Wednesday, January 17, 2007

A Day at the Hospital

With my odd and varied history, I have some experience with working in hospitals. Having been a patient in many of them as well, I know them from the service side and the working side pretty well. With my personal politics, I am morally opposed to Socialized Medicine. There are many anecdotal evidences the Political Right and the Libertarians point to in order to show Socialized Medicine does not work. With the Libertarians I agree, but only in philosophy... no longer in simply by examples.

When something works, it simply works despite the moral or political motivations behind it. A well made gun works no matter how you use it, for hunting or self defense, or for intimidation or murder. Taiwan seems to have a system that works fairly well at the moment regardless of how ones views socialism. However, the Westerner might have some cultural problems with it.

Last month I went to my local doctor for something pretty minor. In Taiwan you make no appointment, you just drop in. Typically, you have no more than 10 minutes to an hour wait... much better than most Stateside doctor’s offices even WITH an appointment. The first time we went to the doctor here, Sandy had the flu and we did not have our nation health cards yet. The receptionist told us that it would be “very” expensive without the card, but that we could bring the card in later and get a refund. The total price for the visit without the card? $10us. We got $9us back later.

Anyhow, my little checkup last week turned up some lab problems, so the doctor gave me a referral to a Urologist. Unlike the states, He just hands me a letter and I get to choose where to take it.

I chose E-Da Hospital. It is clean and new and has some good english speaking doctors. I walked up to the info desk with my referral letter and a nice volunteer (of which there are dozens throughout the hospital) guided me to the Urology Department. There I just take a number and wait for the first urologist available. Soon I was consulting with a Doctor Lim. He gave me a dozen receipts, numbered in order. I was to take these to the different departments and get labs done. One receipt got my labs done; one got my x-rays; the next my ultra sound; the next my EKG; so on and so on. It is up to ME to find these places, to get the work done, and then to go on to the next one.

Some cultural troubles for an American were [1] in X-ray, I was to disrobe and put on a gown. No gown fit well. Typical. But then I was to walk down a busy and public hallway to wait in front of the X-ray room door, in the hall, until the next radiology tech was available. Kind of embarrassing. But, hey, everyone there was doing it. Then [2] if the doctor wanted to give me an injection, I have to go get the med for him. I take a receipt down to the pharmacy and get my med. Most of the time, I can just go around the corner to Chemotherapy and the nurse there will give the injection.

After all this... I went back to the Doctor’s waiting room thinking it would be a while for him to get the results and review them. I was in a chair 2 minutes when the nurse noticed me and flagged me to come in. The doctor had ALL my labs, x-rays and results there with him on multiple computer screens, complete with radiologist and consulting doctor’s findings.
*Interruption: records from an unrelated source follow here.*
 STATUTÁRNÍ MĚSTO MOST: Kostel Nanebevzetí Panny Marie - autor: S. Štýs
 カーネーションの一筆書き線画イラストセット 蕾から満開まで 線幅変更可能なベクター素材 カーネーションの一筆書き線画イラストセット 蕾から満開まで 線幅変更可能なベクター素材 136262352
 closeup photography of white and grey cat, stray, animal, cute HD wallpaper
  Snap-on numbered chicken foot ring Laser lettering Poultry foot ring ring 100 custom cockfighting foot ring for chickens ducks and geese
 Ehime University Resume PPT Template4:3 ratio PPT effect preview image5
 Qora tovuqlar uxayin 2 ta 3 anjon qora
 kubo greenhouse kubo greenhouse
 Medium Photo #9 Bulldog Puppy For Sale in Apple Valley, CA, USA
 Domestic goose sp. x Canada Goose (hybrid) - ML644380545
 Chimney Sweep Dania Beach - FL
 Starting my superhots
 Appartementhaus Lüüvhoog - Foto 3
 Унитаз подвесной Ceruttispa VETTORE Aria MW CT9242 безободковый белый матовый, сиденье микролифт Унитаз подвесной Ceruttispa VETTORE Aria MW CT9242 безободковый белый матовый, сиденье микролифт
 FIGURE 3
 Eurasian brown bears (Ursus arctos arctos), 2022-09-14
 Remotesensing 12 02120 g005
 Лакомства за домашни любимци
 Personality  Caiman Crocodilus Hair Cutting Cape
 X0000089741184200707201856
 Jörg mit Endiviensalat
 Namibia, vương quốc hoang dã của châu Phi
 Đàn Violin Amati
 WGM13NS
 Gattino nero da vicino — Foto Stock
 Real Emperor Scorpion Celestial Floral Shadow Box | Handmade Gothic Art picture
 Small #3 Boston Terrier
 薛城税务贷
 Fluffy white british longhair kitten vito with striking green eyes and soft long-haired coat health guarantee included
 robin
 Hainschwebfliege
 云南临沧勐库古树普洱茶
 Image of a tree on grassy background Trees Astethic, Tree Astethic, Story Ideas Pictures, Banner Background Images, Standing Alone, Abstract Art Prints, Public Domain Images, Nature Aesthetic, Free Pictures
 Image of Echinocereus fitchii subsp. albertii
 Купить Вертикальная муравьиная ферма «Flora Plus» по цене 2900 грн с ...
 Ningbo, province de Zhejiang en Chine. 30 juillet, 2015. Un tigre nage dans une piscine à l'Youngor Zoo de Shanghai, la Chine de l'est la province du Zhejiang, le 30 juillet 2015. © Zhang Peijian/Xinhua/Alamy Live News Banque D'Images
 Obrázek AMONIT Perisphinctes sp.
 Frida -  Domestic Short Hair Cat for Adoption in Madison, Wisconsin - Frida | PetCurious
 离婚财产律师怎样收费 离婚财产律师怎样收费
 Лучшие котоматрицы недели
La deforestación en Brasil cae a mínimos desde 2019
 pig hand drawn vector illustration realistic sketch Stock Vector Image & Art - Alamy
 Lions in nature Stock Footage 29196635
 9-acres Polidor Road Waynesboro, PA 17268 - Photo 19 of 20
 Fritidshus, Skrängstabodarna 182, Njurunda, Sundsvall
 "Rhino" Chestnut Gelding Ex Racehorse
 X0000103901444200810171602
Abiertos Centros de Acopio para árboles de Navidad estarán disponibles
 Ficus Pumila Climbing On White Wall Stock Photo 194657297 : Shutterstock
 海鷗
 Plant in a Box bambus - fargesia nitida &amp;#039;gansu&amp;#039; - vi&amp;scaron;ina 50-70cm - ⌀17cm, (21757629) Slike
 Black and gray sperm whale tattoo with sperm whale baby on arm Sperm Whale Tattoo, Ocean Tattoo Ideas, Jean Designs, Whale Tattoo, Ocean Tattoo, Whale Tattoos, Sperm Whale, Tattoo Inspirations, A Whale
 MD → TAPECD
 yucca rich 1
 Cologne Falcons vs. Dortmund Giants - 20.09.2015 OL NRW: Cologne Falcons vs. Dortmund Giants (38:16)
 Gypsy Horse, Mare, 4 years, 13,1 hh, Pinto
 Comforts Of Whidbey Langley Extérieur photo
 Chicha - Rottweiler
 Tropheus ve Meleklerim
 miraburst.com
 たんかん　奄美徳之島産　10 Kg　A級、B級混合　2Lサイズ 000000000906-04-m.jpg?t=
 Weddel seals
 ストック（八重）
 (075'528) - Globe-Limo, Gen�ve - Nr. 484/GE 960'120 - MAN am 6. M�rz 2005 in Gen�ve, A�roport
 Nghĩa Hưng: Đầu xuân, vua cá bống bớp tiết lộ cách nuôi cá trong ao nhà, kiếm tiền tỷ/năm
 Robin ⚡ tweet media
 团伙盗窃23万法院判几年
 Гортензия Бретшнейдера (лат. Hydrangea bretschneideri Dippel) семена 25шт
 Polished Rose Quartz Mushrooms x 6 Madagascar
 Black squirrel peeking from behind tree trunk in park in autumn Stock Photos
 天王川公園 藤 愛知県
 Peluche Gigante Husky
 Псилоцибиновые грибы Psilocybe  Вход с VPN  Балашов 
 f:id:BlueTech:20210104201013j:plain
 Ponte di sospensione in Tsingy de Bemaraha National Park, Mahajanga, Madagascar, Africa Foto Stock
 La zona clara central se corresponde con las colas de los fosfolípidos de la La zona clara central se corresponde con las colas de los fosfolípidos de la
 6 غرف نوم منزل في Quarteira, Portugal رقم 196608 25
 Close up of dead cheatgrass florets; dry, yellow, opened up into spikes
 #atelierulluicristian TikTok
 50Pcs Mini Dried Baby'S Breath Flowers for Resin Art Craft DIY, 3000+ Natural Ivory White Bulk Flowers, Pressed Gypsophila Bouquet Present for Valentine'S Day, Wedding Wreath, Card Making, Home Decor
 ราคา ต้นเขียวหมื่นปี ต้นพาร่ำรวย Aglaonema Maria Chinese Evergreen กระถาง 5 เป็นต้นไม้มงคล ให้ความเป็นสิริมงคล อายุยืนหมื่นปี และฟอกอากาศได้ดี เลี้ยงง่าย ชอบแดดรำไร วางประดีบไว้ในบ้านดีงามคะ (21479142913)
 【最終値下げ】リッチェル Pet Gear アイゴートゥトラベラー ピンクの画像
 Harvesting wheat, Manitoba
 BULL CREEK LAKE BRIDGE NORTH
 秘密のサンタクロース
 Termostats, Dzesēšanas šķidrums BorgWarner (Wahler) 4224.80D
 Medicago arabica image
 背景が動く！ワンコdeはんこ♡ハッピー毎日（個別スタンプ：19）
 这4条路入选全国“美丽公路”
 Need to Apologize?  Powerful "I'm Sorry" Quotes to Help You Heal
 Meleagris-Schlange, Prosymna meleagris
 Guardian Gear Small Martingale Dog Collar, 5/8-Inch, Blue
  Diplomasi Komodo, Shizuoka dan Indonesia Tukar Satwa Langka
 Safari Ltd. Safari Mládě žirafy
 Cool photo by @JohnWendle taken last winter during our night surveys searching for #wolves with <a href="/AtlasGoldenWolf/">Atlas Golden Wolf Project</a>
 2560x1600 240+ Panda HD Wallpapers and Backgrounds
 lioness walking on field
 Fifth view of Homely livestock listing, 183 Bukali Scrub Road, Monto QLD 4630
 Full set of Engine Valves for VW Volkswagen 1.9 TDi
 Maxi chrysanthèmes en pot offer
Start of process to this step, one hour.

It was decided that I had a 5mm kidney stone! Ouch. So it was off to the sonic zapper to try and shatter the invading irritation. After 30 minutes of being hit with an invisible hammer, I was done. The let me rest there a while to make sure I was okay, and then an hour later I was let loose with a referral to come back in a week for further tests and x-rays.

So, from cold call - seeing the doctor for the first time, to diagnosis, advanced treatment, to prescriptions and on my way home was a total of 6 hour. That includes an hour of rest in the doctor’s office with a nice lounge music set piped in through cordless headphones.

Cultural trouble [3] is: though it is speedy and convenient, some westerners might think it is TOO speedy and convenient. I was being seen, moving rooms, looking for rooms, getting labs drawn, and getting invasive treatment all in the short time span of the day. I like that! But I can see that some people want time to absorb it all. Westerners are more used to a doctor making a diagnosis and then scheduling a day later (perhaps much later) for a procedure. They like time to think. Not here. The plan here is to get it done now, after all, you are HERE now.

The doctors and nurses were all quite helpful and concerned. The doctor listened to all my signs and symptoms. He personally would show up at labs and treatments to make sure I was okay and understood what was going on.

The total price with a national health card? $10us. Without that card would have cost me a whopping $75us. No Kidding.

Now, despite my moral opposition to stealing money from people (taxation) under penalty for non-compliance (which most laws call extortion)... I have to admit I was impressed. I have been billed tens of thousands of dollars for similar tests, consultations, and treatments in the USA and not had NEAR a quick and human a response as this.

Historically, socialized medicine falls apart everywhere it has been done. The nature of red tape enters in and human touches turn to flow chart medicine. Some of that is evident now in the over-worked general practitioners in the cities that may see well over 100 patients a day in their office. But for now, Taiwan is doing an interesting job of it.